Speaking at a session at Times Higher Education’s Digital Universities Week US 2022, held in partnership with AI specialists Gyan, Kumar explained that MIT has been working with Gyan to “create different kinds of learning opportunities for different kinds of learners”.

“We talk about how we might create pathways for different kinds of human skills based on the content and courses that we have,” he explained. “For example, how might we think about organising open courses in more coherent packages that can become useful in different ways?”

Gyan founder and chair Venkat Srinivasan detailed three ways in which AI can support institutions. “First, there’s a lot of content out there and somehow we have to process it and bring it to the right person at the right level. Secondly, we need to use AI to see if people have really understood. And thirdly, how do we personalise this to an individual?” Srinivasan said. Gyan enables academics to access topics, automatically curate them, and annotate them or link to internal content libraries as they wish. 

Srinivasan argued that the most useful skill learners can acquire in the coming years is “thinking computationally”. People who know how to ask the right questions of digital systems will be able to gain insights and bring the benefits of automation to their jobs, he said.

Offering credentials for learning was not always necessary, Srinivasan suggested. “Your learners may or may not care about these. But if they do, you can add a layer of assessment,” he explained. AI can also support learners to develop a personalised career path: they can upload a resume or a list of skills and Gyan can show them the learning units towards their desired career or suggest a role that matches these skills. 

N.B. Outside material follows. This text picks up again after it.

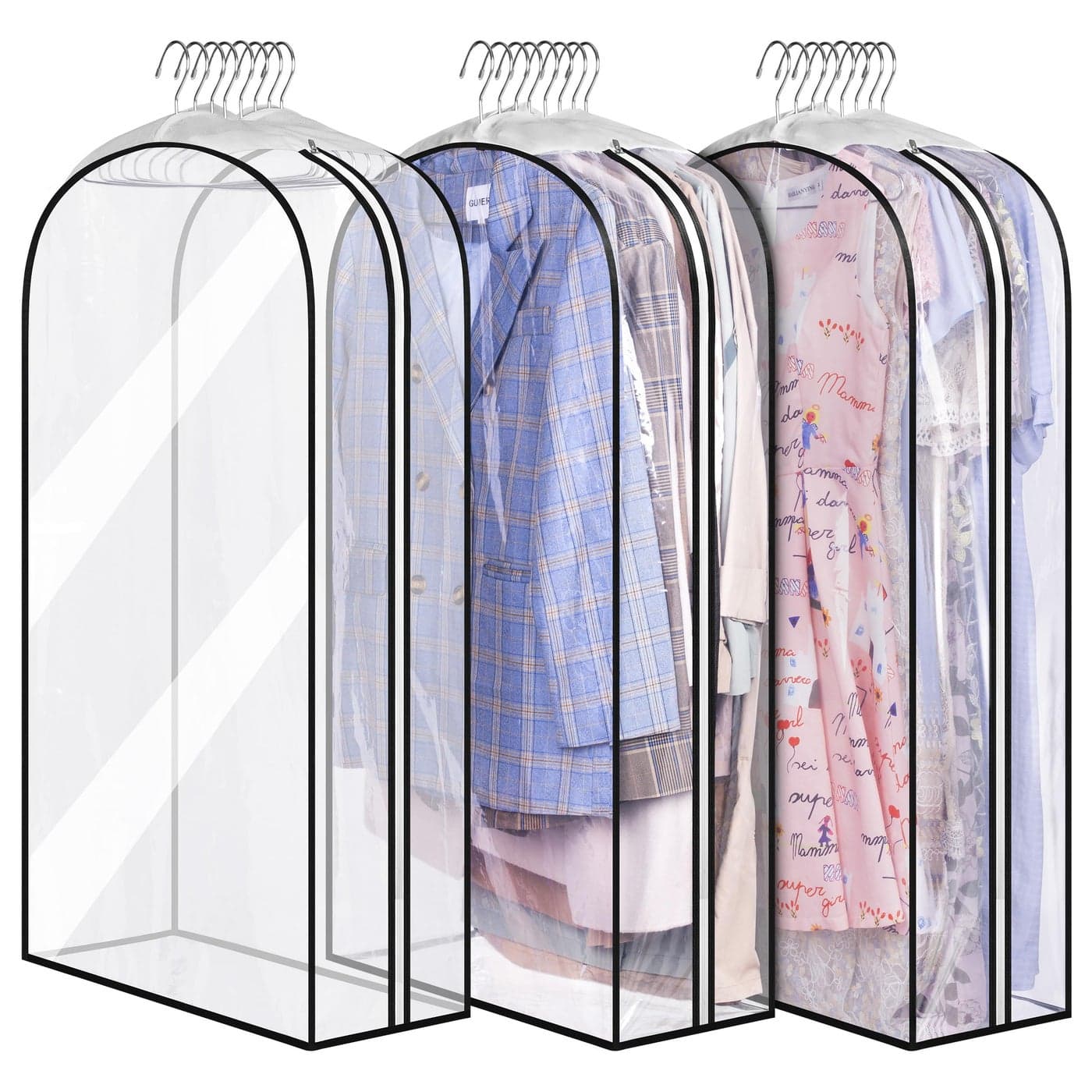 MISSLO 10 Gusseted All Clear Garment Bags for Hanging Clothes 3 Packs 40 Suit Bags for Closet Storage Hanging Clothes Storage Suit Cover for Shirts Coats Dresses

In the future, AI will be able to augment learners’ experiences even further, looking at facial expressions to determine attention levels and drawing on learning science to help students make sense of disaggregated content. “It can give insights on how students are learning so we can adapt and fill in the gaps. I can make informed reasonable judgements about how I should plan my interventions with a learner. It can act as an adjunct professor,” Srinivasan concluded.